Lastly, you have to frost the outside of the rolled cake with chocolate frosting with a rubber spatula or offset spatula. Then use the tines of a fork to make the outside look “bark-like,” and then finish everything off by sprinkling with powdered sugar. The end result, although it took quite a bit of effort, is usually great, but it’s not always worth the time spent putting everything together.

Credit: Cory Fernandez

How to Hack a Yule Log Cake: Make an Icebox Cake

To make the whole idea easier, I like to use an approach that is similar to a traditional icebox cake. In other words, you just need a few ingredients — namely, sweetened whipped cream and lots of (preferably thin) cookies. Here’s everything you need.

  • 1 1/2 cups heavy whipping cream
  • 1/4 cup granulated sugar
  • Thin, store-bought cookies, such as Pepperidge Farm’s “Thin & Crispy” Cookies
  • 2 small, 6×3.5×2 loaf pans (disposable is fine) 
  • Chocolate frosting (store-bought is fine)
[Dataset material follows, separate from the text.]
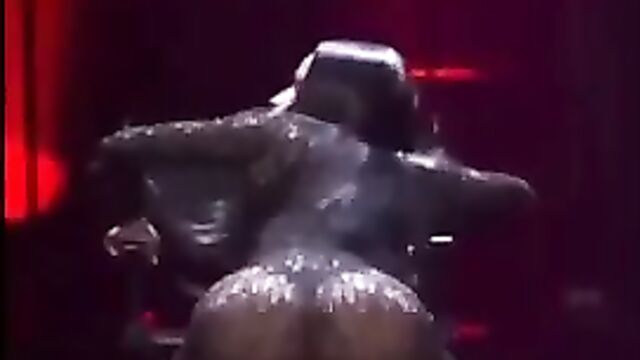 NICKI MINAJ POV ASS DANCE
How to Make a Yule Log Icebox Cake

Credit: Cory Fernandez

Line the loaf pan with plastic wrap: This is to make the cake easy to remove from the pan once it’s time to frost it later on. Just tear a small sheet of plastic wrap and line it on the bottom and sides of each of the loaf pans, leaving a few inches of overhang on the sides.
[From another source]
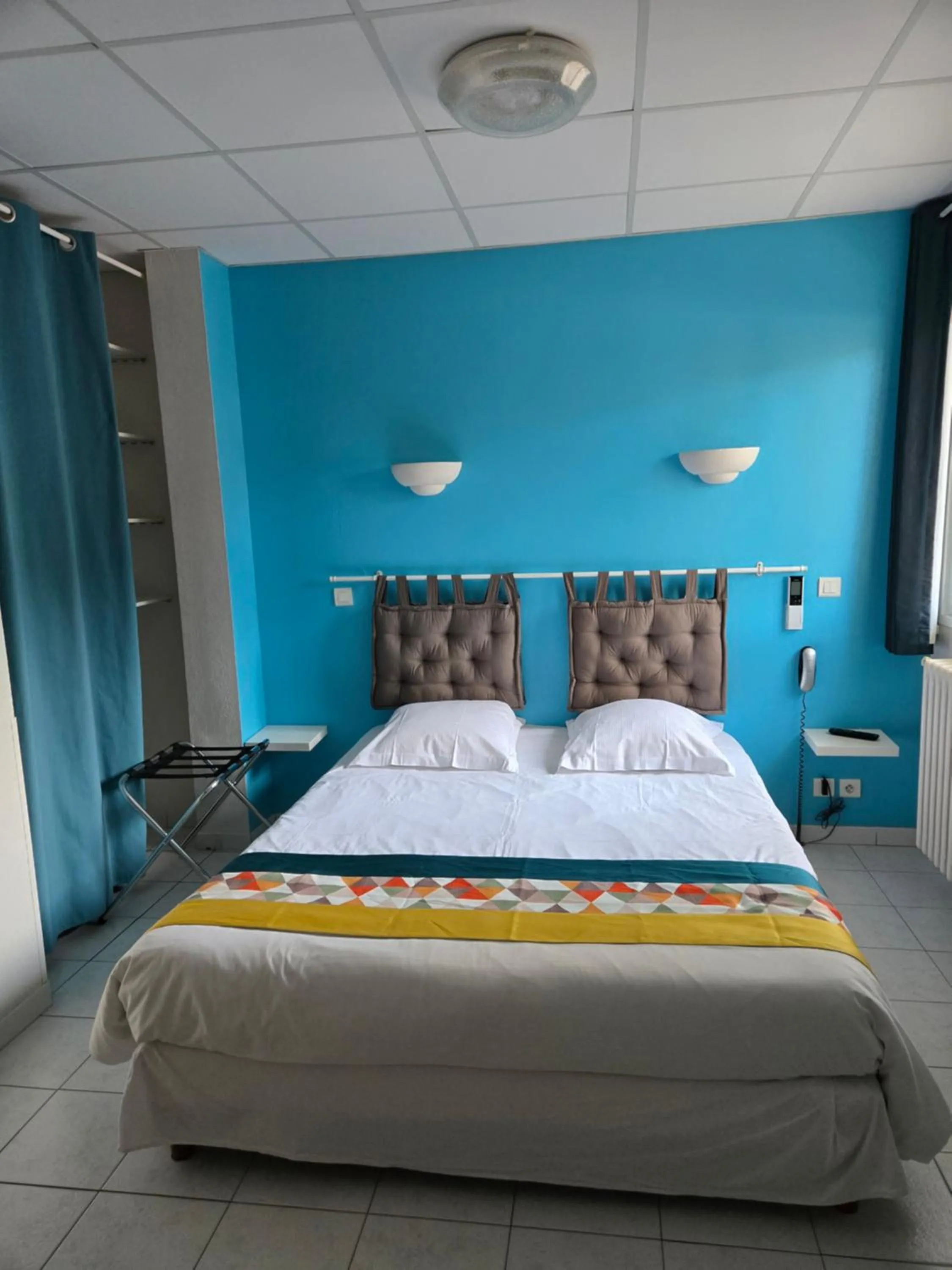 Bedroom, Bed in Carry Hotel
Make the whipped cream: You’ll want to start with a large amount of whipped cream so you can work quickly to build the cake. Add 1 1/2 cups heavy cream and  1/4 cup granulated sugar to a mixing bowl and mix until medium to firm peaks form.
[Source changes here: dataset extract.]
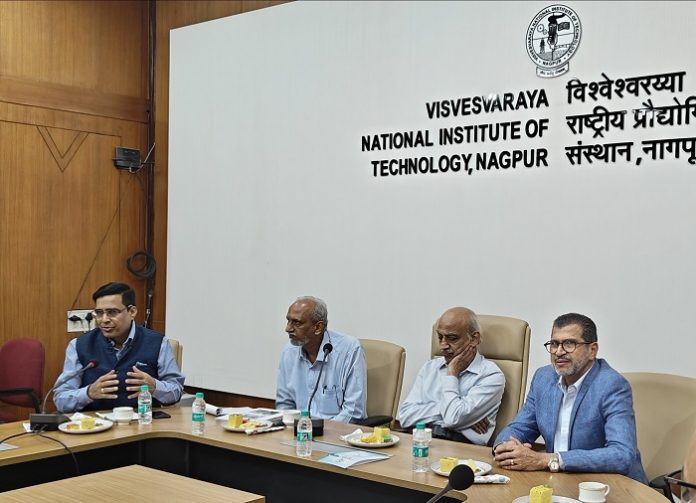 VNIT Nagpur partners with Esri India's MMGEIS Program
Line the bottom of the pan with whipped cream: Add a couple of spoonfuls of the whipped cream to the bottom and sides of one loaf pan and the bottom and sides of half of the other loaf pan. This will act as the “glue” to help the cookies stay together.

Credit: Cory Fernandez

Top the cookies with whipped cream: Take one cookie and top with a dollop of whipped cream (a couple of tablespoons) and place it right-side up in one loaf pan so that the side with the whipped cream is facing away from the the end of the pan. Repeat this process with the rest of the cookies so that the entirety of the loaf pan is filled with cookies, each one with whipped cream in between. 

Credit: Cory Fernandez

Add a few more cookies to the top and edges of the pan and fill in any gaps, using whipped cream to keep everything together. Top the cookies with a layer of whipped cream. After you’ve completed one loaf pan, continue with the other loaf pan, but only fill it halfway — this will be the branch that we attach to the side later on.

Credit: Cory Fernandez

Chill the cake: Chill the cake for at least eight hours or overnight to allow the cookies to soften and meld. It’s also important to use thin cookies to make sure they will soften in the refrigerator.

Credit: Cory Fernandez

Frost the cake: Remove the cakes from the fridge using the overhang on the sides to lift it out. Carefully flip the full cake onto a serving plate. Remove the half-cake the same way, but flip it onto a cutting board. Slice one end of the half-cake on a diagonal and attach the cut side to one of the sides of the full cake.

Credit: Cory Fernandez

Add the store-bought chocolate frosting to a bowl and mix it with an electric hand mixer for about a minute — this will make it easier to frost. Use a rubber spatula or offset spatula to carefully spread the frosting all over the top and sides of the cake. Be sure to work quickly, so the whipped cream doesn’t soften too much. Once the cake is entirely frosted, immediately put it in the refrigerator for at least half an hour.

Credit: Cory Fernandez

Use a fork to decorate the cake: Remove the cake from the fridge and carefully run the tines of a fork down the top and sides of the chocolate frosting. Don’t scratch it too far down, as it will then show the whipped cream underneath. 

Credit: Cory Fernandez

Dust with powdered sugar: When you’re ready to serve the cake, add a couple of tablespoons of powdered sugar to a fine-mesh sieve and carefully place it above the cake and move it back and forth against the palm of your hand to sprinkle it over the cake. If you want, decorate the cake with fresh cranberries and mint leaves or rosemary.